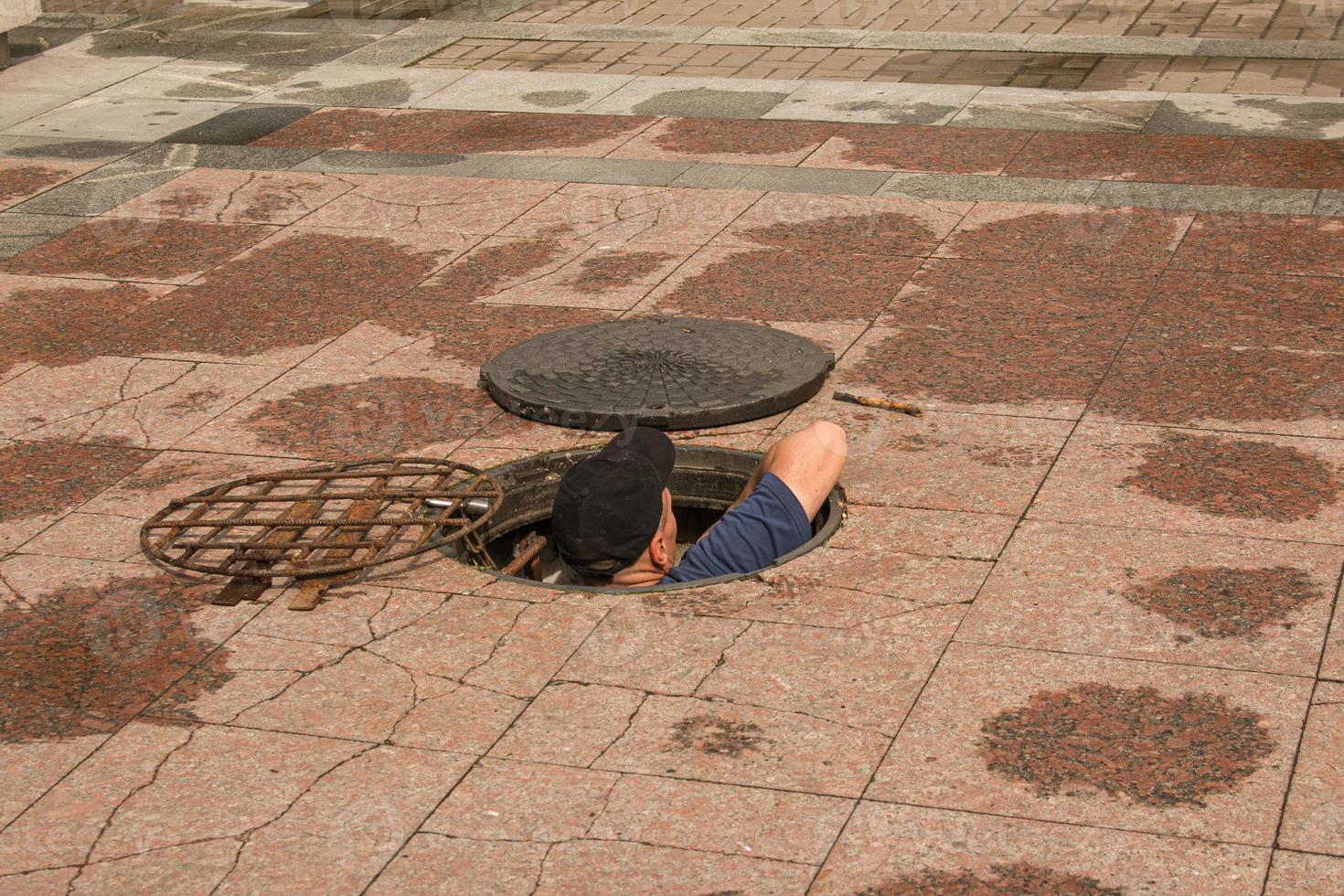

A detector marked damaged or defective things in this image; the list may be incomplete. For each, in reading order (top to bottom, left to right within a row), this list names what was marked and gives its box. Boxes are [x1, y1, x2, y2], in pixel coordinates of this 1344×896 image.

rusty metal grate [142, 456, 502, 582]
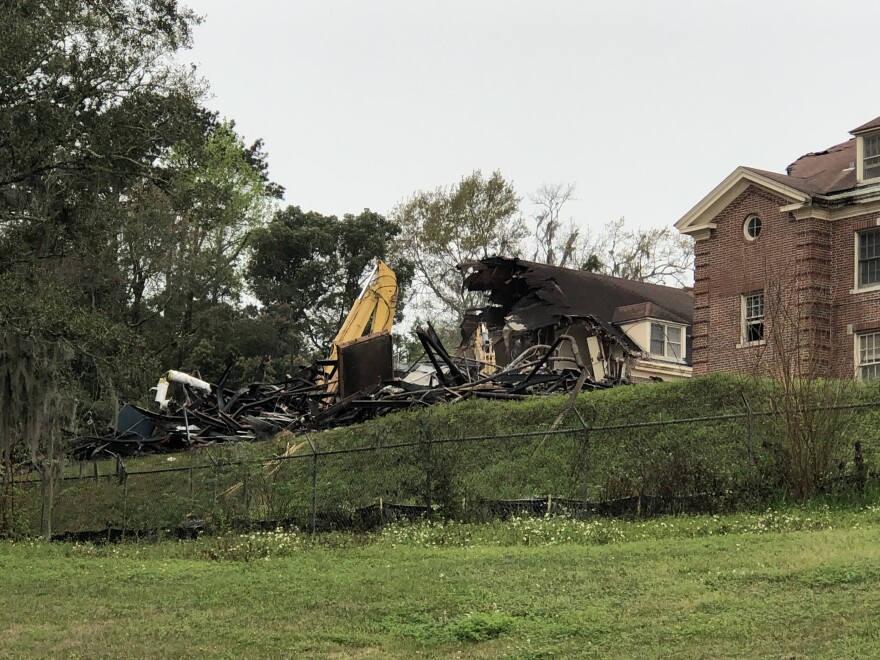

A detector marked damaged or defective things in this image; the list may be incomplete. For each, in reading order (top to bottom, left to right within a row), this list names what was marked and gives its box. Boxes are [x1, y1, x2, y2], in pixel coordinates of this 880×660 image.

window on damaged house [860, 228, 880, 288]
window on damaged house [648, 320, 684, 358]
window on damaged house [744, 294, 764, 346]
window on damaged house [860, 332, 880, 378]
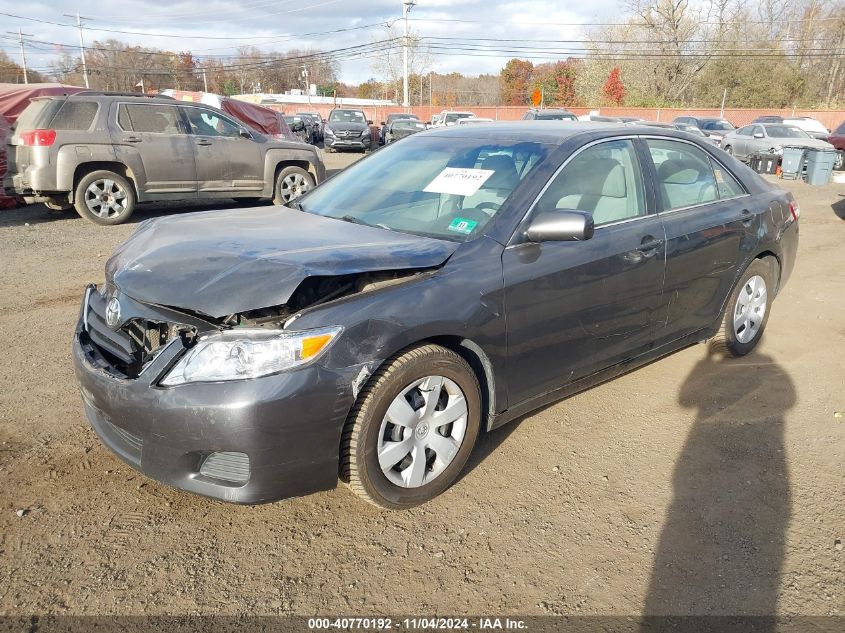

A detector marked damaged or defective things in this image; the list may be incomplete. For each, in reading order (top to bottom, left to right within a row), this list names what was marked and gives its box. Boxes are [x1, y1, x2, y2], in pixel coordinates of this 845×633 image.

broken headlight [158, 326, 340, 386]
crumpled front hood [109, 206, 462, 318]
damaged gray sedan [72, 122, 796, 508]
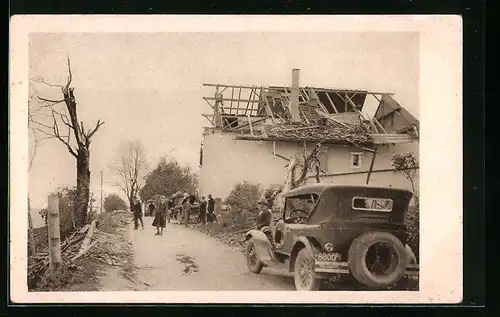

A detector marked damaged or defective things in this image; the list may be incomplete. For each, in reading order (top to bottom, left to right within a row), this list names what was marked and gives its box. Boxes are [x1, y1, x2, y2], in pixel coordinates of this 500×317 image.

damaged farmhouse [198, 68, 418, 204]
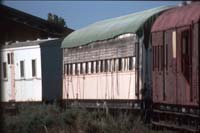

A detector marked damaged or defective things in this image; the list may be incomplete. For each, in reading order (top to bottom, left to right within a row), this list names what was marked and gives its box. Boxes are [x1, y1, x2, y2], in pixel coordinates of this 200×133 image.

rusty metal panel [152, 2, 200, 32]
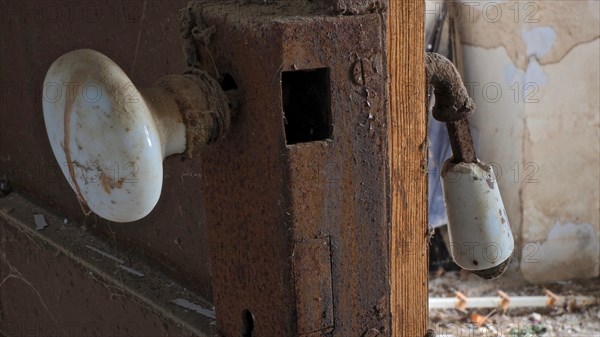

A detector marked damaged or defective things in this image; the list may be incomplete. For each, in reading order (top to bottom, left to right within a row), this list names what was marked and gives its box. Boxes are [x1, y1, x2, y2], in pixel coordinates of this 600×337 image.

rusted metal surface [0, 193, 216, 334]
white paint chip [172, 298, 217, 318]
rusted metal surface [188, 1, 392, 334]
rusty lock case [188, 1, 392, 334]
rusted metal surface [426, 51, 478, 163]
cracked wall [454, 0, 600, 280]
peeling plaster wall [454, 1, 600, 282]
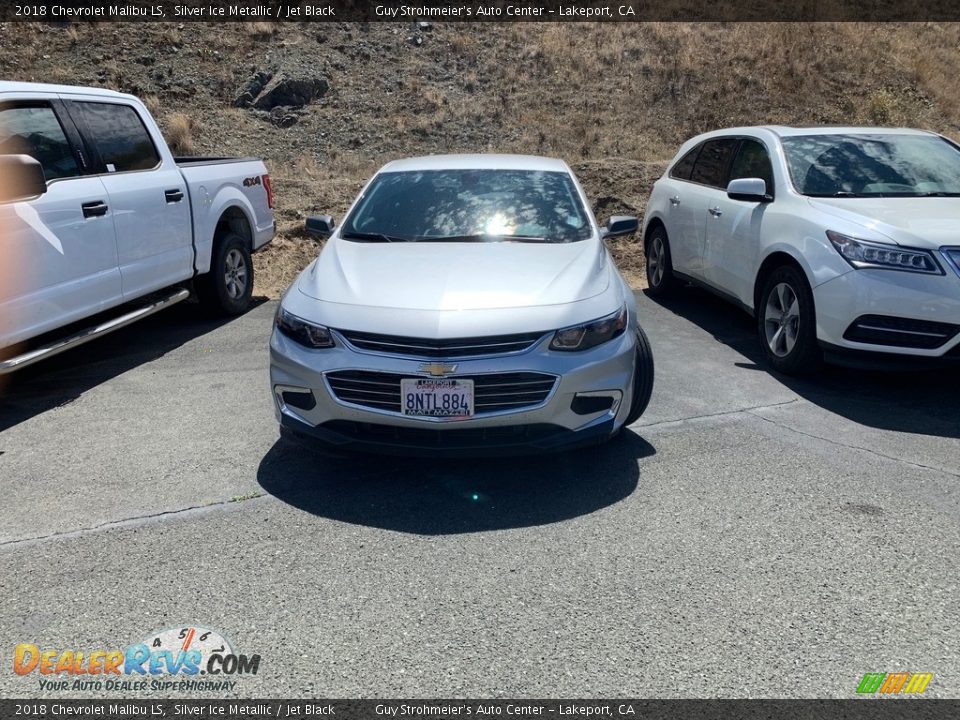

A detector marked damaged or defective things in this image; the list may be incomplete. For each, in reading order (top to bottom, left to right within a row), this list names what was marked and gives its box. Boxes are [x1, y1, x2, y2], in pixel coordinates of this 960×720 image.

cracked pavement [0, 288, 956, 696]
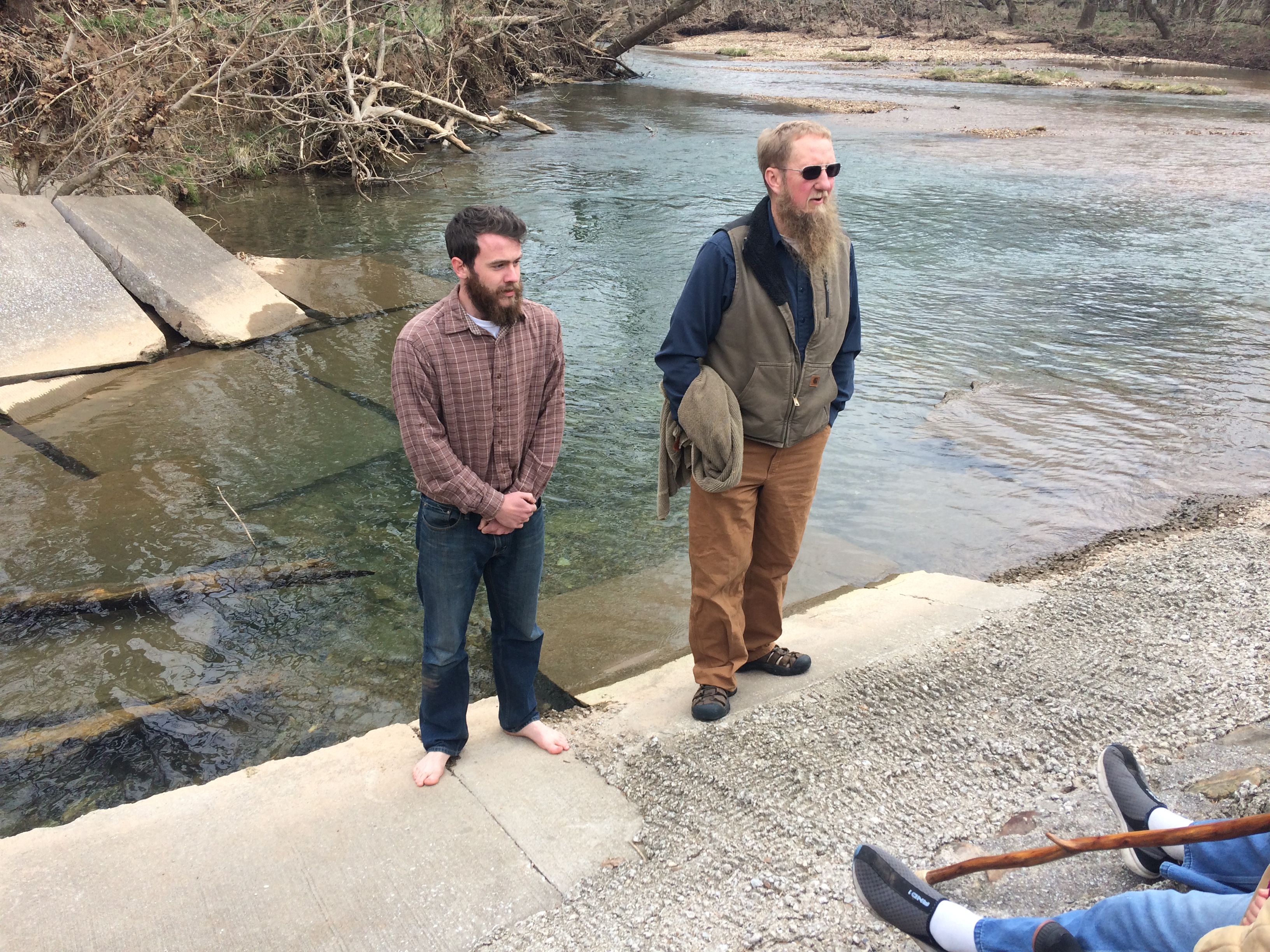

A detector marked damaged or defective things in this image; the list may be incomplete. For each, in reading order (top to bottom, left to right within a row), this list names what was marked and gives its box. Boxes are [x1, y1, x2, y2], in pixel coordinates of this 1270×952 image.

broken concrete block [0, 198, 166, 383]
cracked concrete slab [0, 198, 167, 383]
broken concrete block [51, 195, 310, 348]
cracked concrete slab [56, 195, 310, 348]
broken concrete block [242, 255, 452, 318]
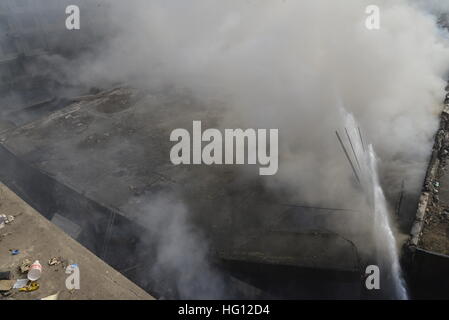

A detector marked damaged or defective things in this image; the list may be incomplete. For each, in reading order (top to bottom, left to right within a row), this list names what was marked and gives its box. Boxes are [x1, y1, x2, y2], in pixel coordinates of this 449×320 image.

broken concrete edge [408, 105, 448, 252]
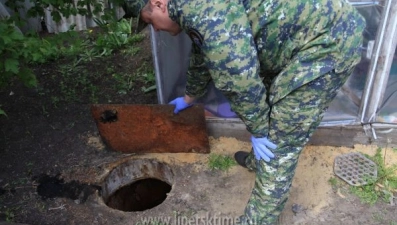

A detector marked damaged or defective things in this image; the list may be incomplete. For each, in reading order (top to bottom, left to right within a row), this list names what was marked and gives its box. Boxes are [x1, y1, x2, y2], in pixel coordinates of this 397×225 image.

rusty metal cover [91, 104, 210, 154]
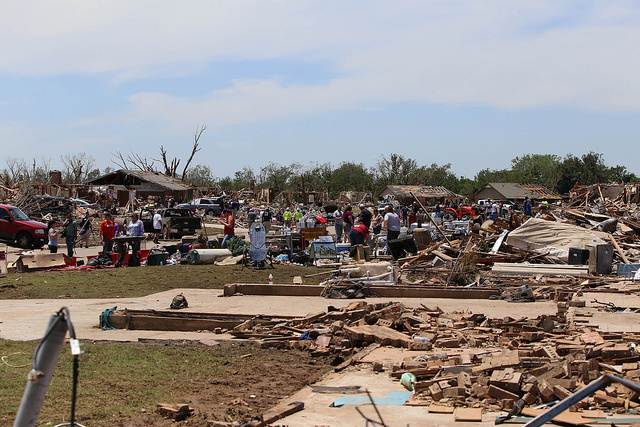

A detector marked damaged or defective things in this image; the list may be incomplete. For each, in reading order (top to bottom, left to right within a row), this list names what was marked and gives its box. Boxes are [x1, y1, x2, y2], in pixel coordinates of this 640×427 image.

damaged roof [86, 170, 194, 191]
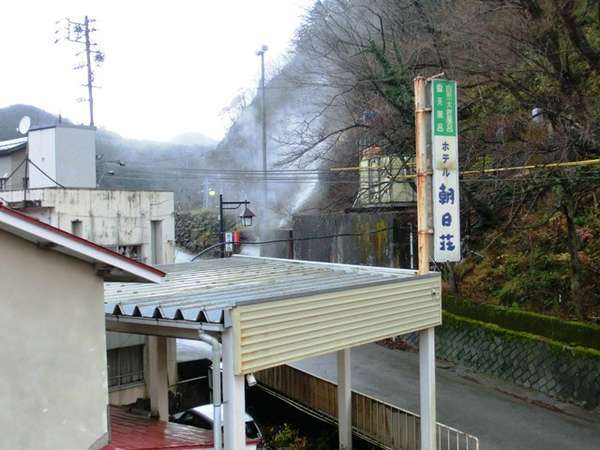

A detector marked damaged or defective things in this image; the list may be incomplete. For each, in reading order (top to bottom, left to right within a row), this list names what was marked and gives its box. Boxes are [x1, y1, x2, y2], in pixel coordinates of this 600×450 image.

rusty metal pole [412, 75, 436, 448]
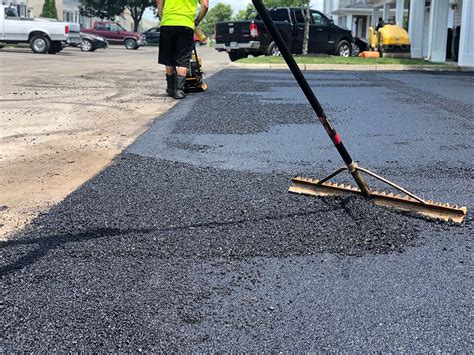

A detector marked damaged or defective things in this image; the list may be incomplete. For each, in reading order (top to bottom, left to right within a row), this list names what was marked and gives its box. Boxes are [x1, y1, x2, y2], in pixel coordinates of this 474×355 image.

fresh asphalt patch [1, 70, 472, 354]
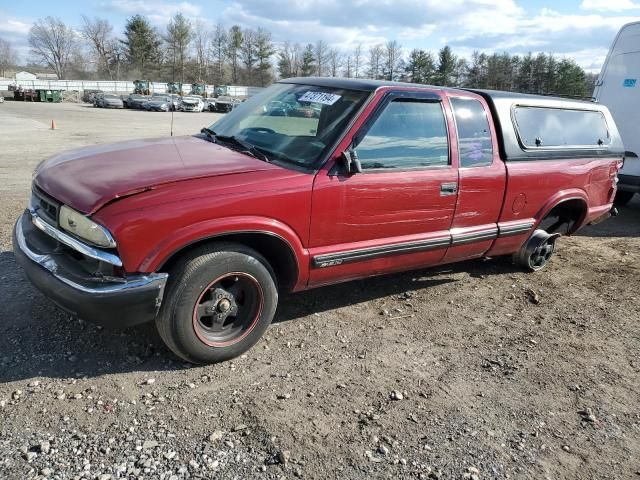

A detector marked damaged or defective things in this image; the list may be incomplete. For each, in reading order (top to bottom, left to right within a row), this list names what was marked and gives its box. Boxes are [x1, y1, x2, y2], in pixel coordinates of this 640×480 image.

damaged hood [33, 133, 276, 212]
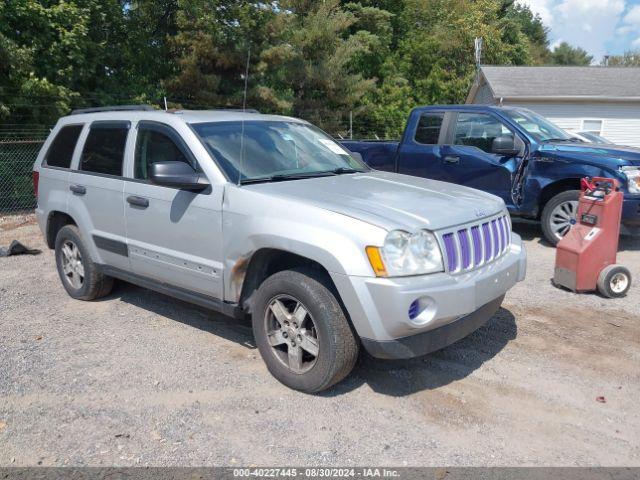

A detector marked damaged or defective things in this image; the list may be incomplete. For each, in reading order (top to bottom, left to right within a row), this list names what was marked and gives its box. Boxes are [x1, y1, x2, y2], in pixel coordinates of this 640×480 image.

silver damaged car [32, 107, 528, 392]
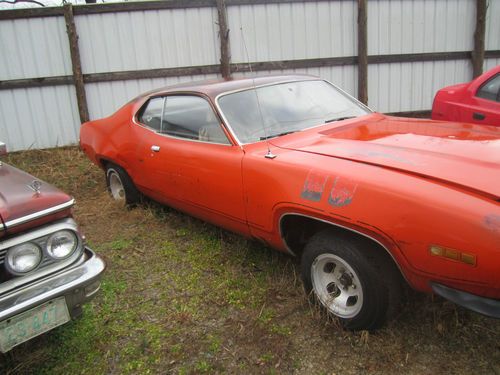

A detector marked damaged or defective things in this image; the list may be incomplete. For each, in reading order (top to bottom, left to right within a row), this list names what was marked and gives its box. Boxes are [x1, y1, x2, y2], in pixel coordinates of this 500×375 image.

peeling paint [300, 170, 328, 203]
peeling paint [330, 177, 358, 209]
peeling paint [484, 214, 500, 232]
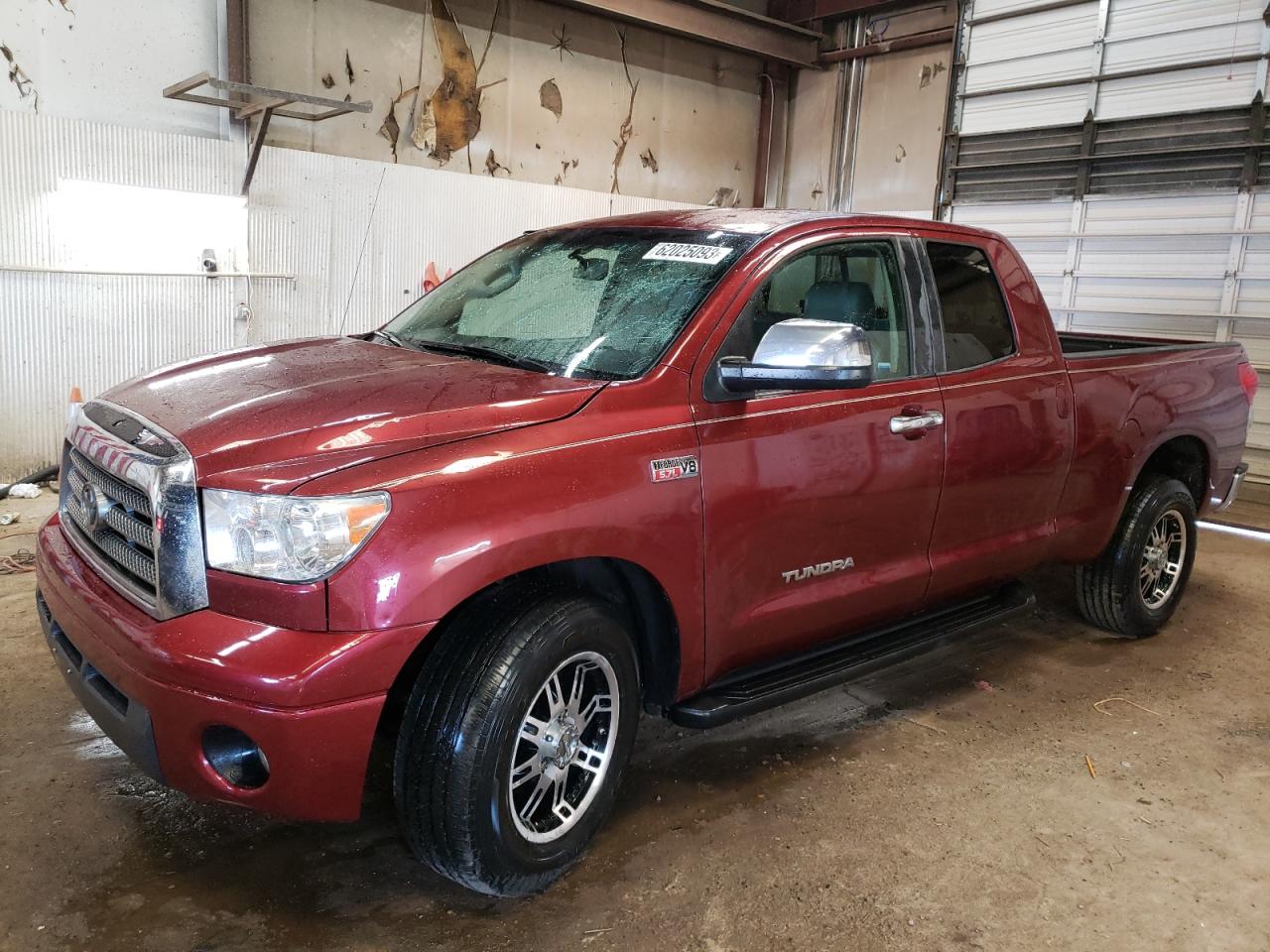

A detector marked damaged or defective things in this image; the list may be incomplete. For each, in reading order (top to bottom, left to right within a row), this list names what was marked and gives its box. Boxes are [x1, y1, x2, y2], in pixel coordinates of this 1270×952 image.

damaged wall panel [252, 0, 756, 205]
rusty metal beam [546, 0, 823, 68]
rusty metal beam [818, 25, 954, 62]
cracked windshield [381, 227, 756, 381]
^^^^^^^^^^^^^^^^
From the line with "this 500×375 image." down to the final line of the entries above, repeat each line exactly; omit the pictures.

- [Exercise output]
A detector marked damaged or defective things in this image; the list may be incomplete. For each, in reading order (top to bottom, left to right within a row), this list names what was marked and gives its box. Boxes are [x1, y1, x2, y2], in pixel coordinates of this 500×375 image.

peeling paint [300, 170, 328, 203]
peeling paint [330, 177, 358, 209]
peeling paint [484, 214, 500, 232]

A detector marked damaged or defective things in this image; the list may be incomplete. For each, in reading order (top to bottom, left to right within a row), this list names what was marked and gives its box. Boxes are [x1, y1, x2, y2], in pixel coordinates of this 1270×952 image.

damaged wall panel [252, 0, 756, 205]
rusty metal beam [546, 0, 823, 68]
rusty metal beam [818, 25, 954, 62]
cracked windshield [381, 227, 756, 381]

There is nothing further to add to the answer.